Gambar: Shalat Idul Fitri berjamaah di Masjid Jami Al‑Istiqomah Limus Nunggal, Bogor, pada Sabtu, 22 Maret 2026. Aparatur pemerintah desa, para ustadz, ustazah, tokoh ulama, dan tokoh masyarakat Cirumput terlihat kompak melaksanakan ibadah Id dengan penuh khidmat.
Limus Nunggal, Bogor (Utusan Rakyat) – Suasana penuh berkah menyelimuti Masjid Jami Al-Istiqomah, Desa Limus Nunggal, pada Sabtu, 22 Maret 2026. Ratusan jamaah memadati masjid megah itu untuk melaksanakan Shalat Idul Fitri berjamaah, yang menjadi momen istimewa bagi warga setempat. Acara ini tidak hanya menjadi panggilan ibadah, tetapi juga wadah silaturahmi yang mempererat tali persaudaraan antarwarga.

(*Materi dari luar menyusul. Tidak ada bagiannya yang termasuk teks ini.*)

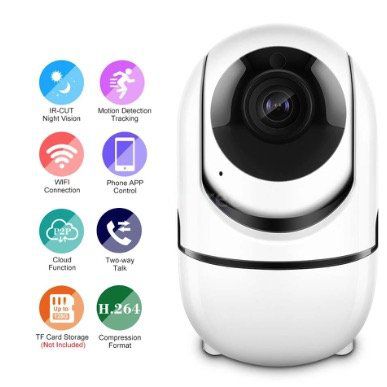 PTZ 1080P WiFi  IP Kamera G2O3 mit Bewegungsmelder & Zweiwege Audio für 17,99€   aus DE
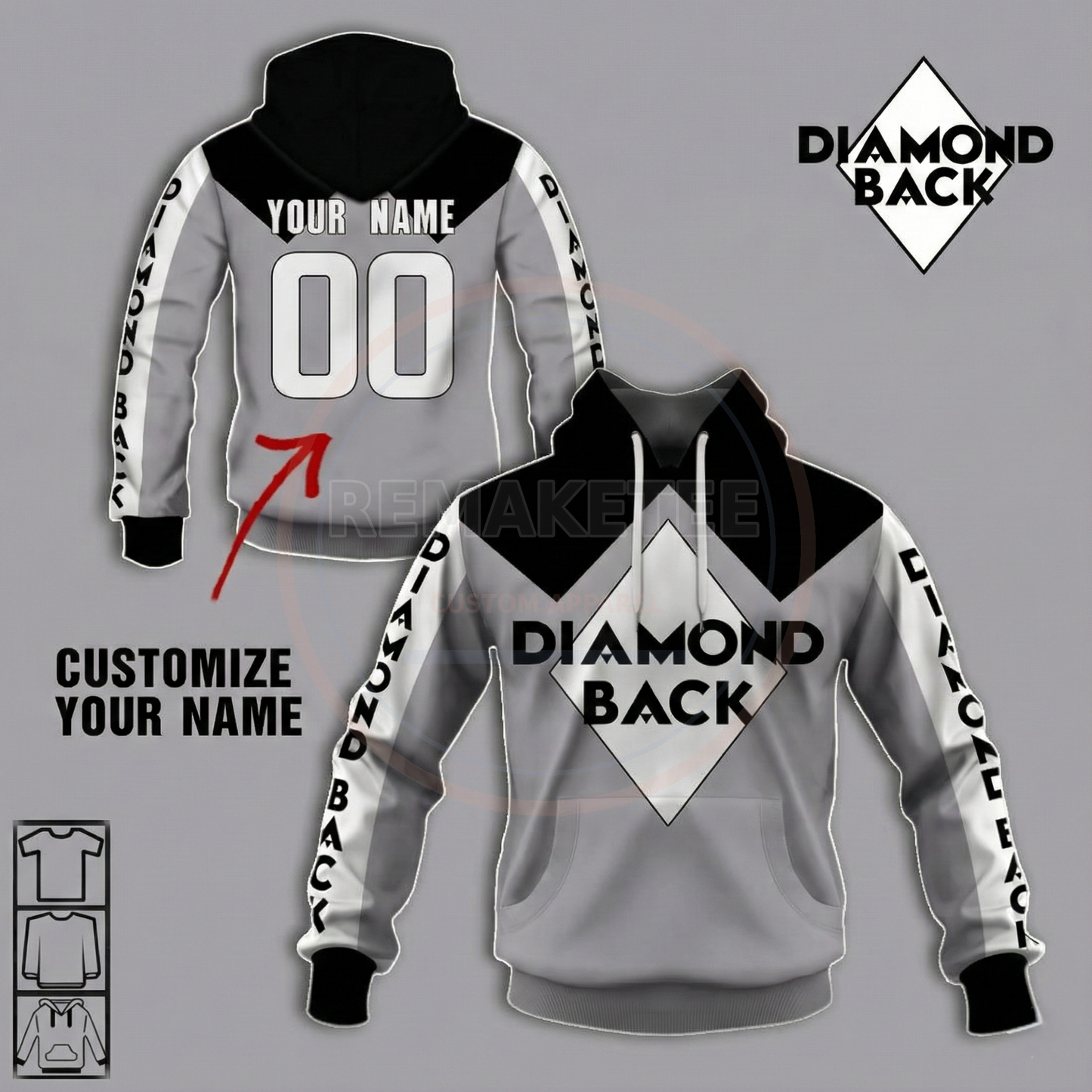 RemakeTee Custom Vintage Retro BMX Racing Jersey 128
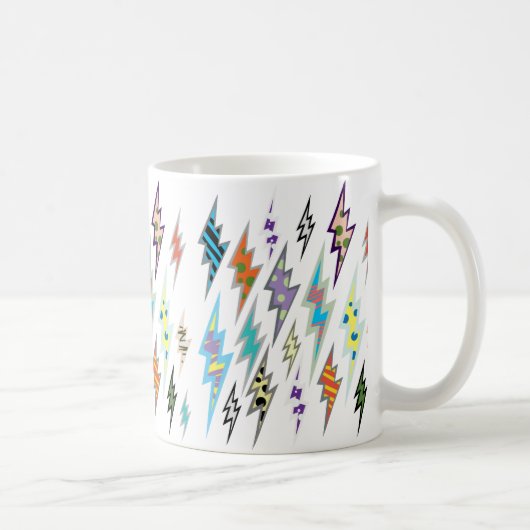 Colorful Lightning Bolt Koffiemok (Rechts)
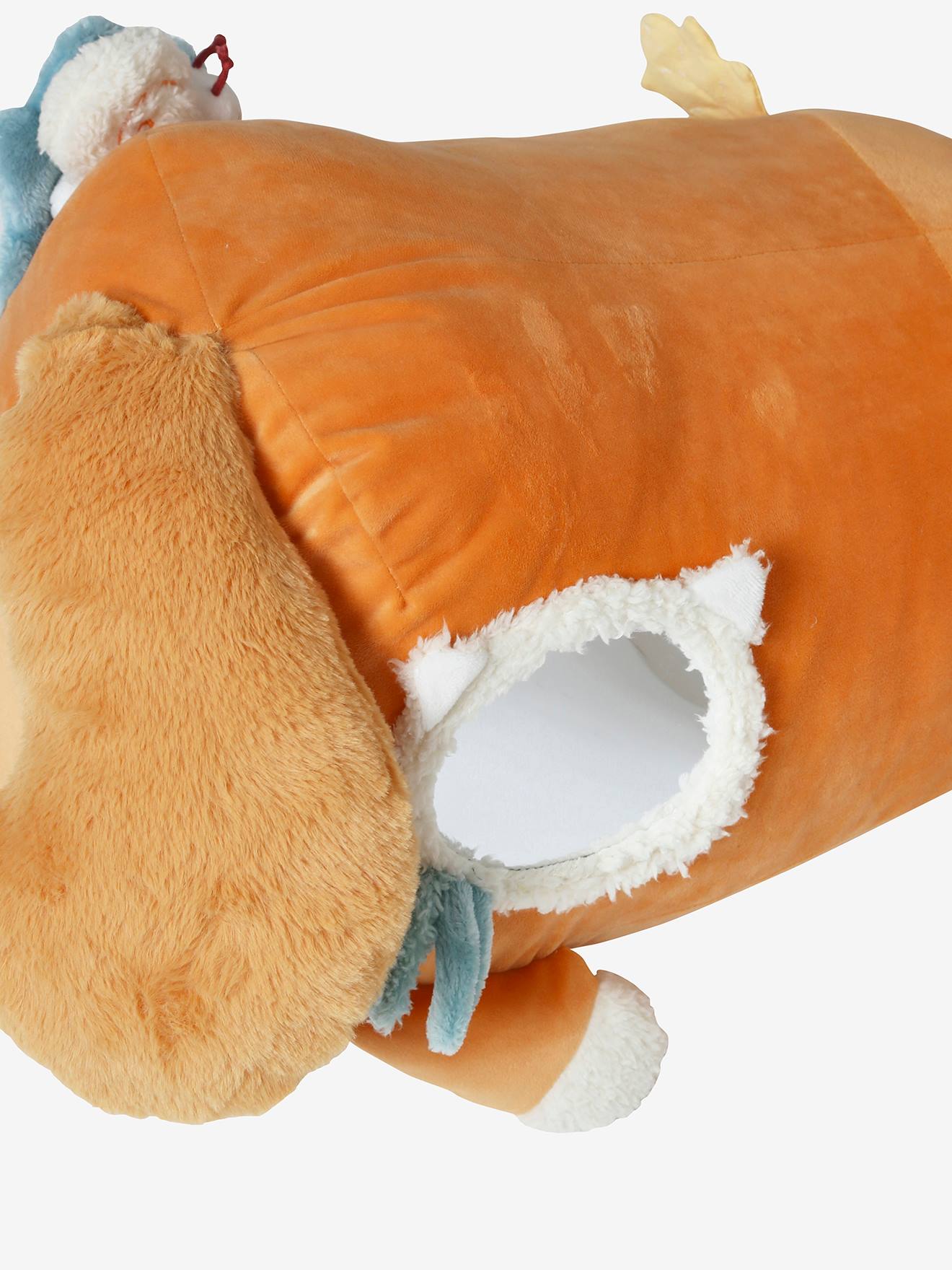 Grande peluche d'activités Écureuil LES AMIS DE LA FORÊT orange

Shalat Idul Fitri dipimpin langsung oleh Ustadz Fitroh, S.Sos, dari Kantor Urusan Agama Desa Cileungsi, yang bertindak sebagai imam. Dengan suara merdu dan penuh karisma, beliau memimpin takbiratul ihram yang bergema, disambut semangat jamaah. Kehadiran para ulama, ustadz, dan ustazah menambah kekhusyukan, seolah mengajak semua hadirin merenungi makna kemenangan setelah sebulan berpuasa Ramadan.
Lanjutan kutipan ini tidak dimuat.